Conseguentemente i contratti scadenti (o comunque stipulati) al di fuori del limite temporale del 30.4.98 sono illegittimi in quanto non rientranti nel complesso legislativo-collettivo costituito dalla L. 28 febbraio 1987, n. 56, art. 23 e dalla successiva legislazione collettiva che consente la deroga alla L. n. 230 del 1962.

Essendo nella specie il contratto de quo stipulato successivamente al 30.4.98 ed essendo, quindi, la causale apposta ancorata a fattispecie non più legittimata dalla normazione collettiva, i due motivi debbono essere ritenuti infondati.
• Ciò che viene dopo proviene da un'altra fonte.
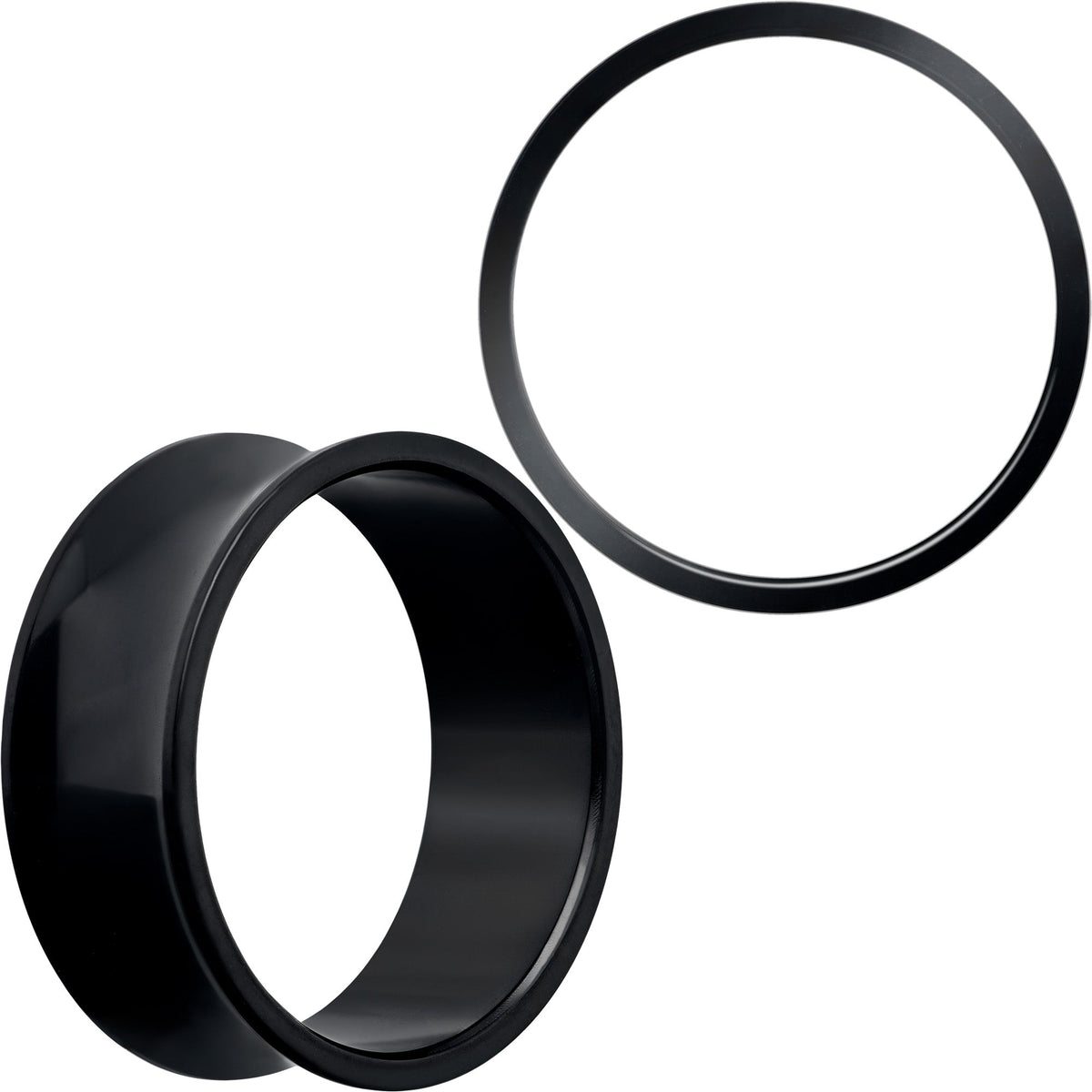 Black Hand Polished Double Flare Tunnel Plug Set 6mm to 25mm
6. Procedendo all’esame terzo motivo, quanto ai profili economici conseguenti all’illegittimità del termine deve rilevarsi che la Corte d’appello ha affermato che il lavoratore ha diritto alla retribuzione solo per i periodi per i quali ha provato di essersi tenuto a disposizione della società ed ha condannato quest’ultima a corrispondere la retribuzione alle dipendenti dalla data della notifica della richiesta di espletamento del tentativo obbligatorio di conciliazione ex art. 410 c.p.c..
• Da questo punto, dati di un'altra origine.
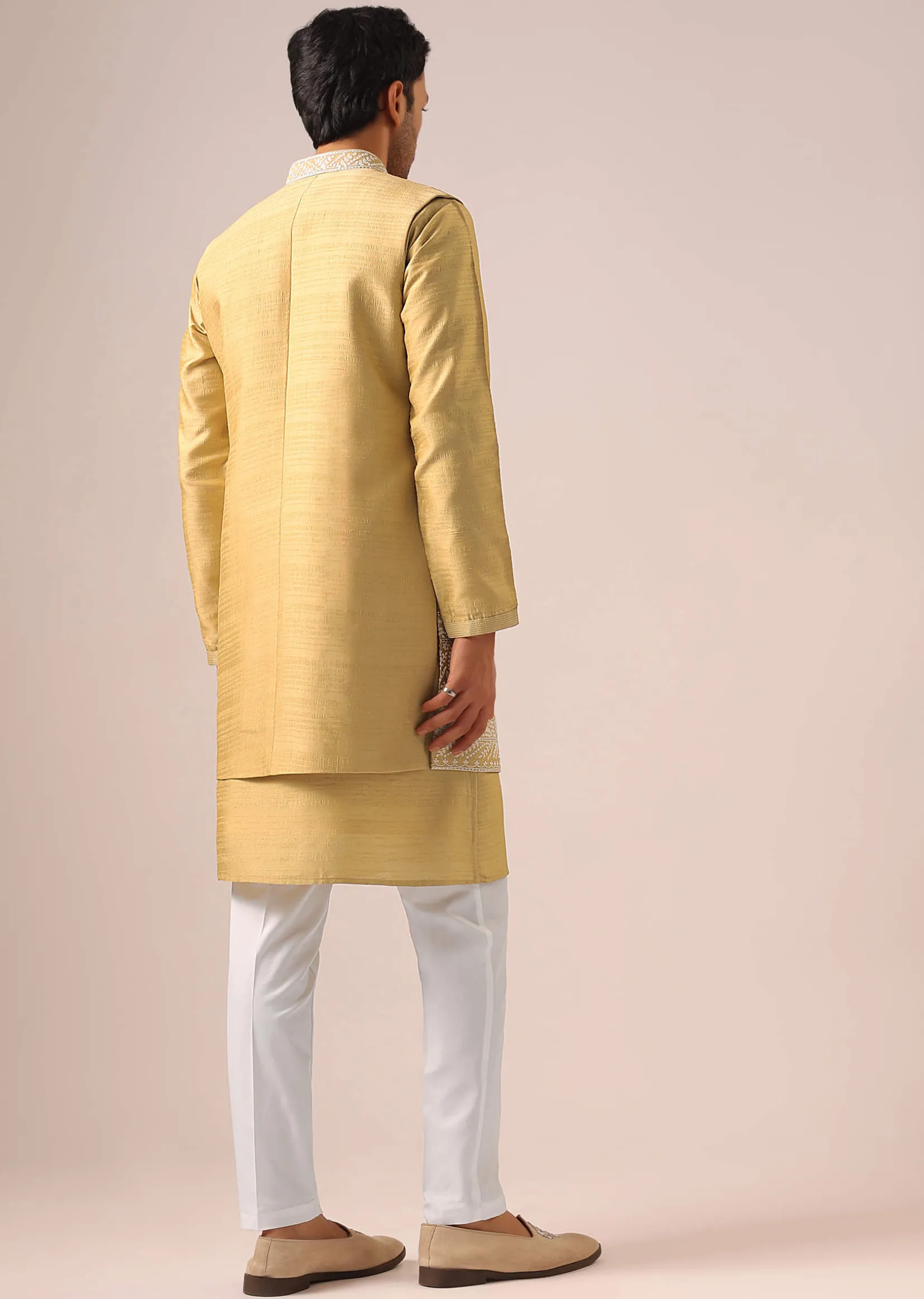 Yellow Mirror Work Long Jacket And Kurta Set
Tale pronunzia è conforme alla giurisprudenza di questa Corte (cfr. Cass. S.u. 8.10.02 n. 14381 nonchè, da ultimo, Cass. 13.4.07 n. 8903) che, con riferimento all’ipotesi della trasformazione in unico rapporto di lavoro a tempo indeterminato di più contratti a termine succedutisi tra le stesse parti, per effetto dell’illegittimità dell’apposizione dei termini, o comunque dell’elusione delle disposizioni imperative della L. n. 230 del 1962 ha affermato che il dipendente che cessa l’esecuzione delle prestazioni alla scadenza del termine previsto può ottenere il risarcimento del danno subito a causa dell’impossibilità della prestazione derivante dall’ingiustificato rifiuto del datore di lavoro di riceverla – in linea generale in misura corrispondente a quella della retribuzione – qualora provveda a costituire in mora lo stesso datore di lavoro ai sensi dell’art. 1217 c.c..
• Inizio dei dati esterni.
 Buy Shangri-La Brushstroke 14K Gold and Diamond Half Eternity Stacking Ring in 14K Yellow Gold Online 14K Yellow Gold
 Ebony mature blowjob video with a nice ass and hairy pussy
Quanto alla circostanza che la richiesta di esperimento del tentativo di conciliazione non fosse formulata in termine sufficientemente espliciti da poter essere interpretata dal datore quale offerta della prestazione, non risulta che la questione sia stata sollevata nel giudizio di merito. In ogni caso la fissazione della data in questione è frutto di un accertamento di fatto compiuto dal giudice di merito, in questa sede non contestabile.

Quanto alla rilevanza dei redditi percepiti dai dipendenti nello svolgimento di altre attività lavorative successivamente alla cessazione del rapporto, sarebbe stato onere del datore di lavoro allegare dati di fatto e circostanze a fondamento dell’eccezione in punto di percezione di tali redditi.

7. In conclusione il ricorso è infondato e la pronunzia impugnata deve essere confermata.

Le spese del giudizio di legittimità, come liquidate in dispositivo, seguono la soccombenza.

P.Q.M.

La Corte rigetta il ricorso e condanna la ricorrente alle spese, che liquida in Euro per esborsi ed in Euro 2.000,00 per onorari, oltre spese generali, Iva e Cpa.

Così deciso in Roma, il 13 maggio 2010.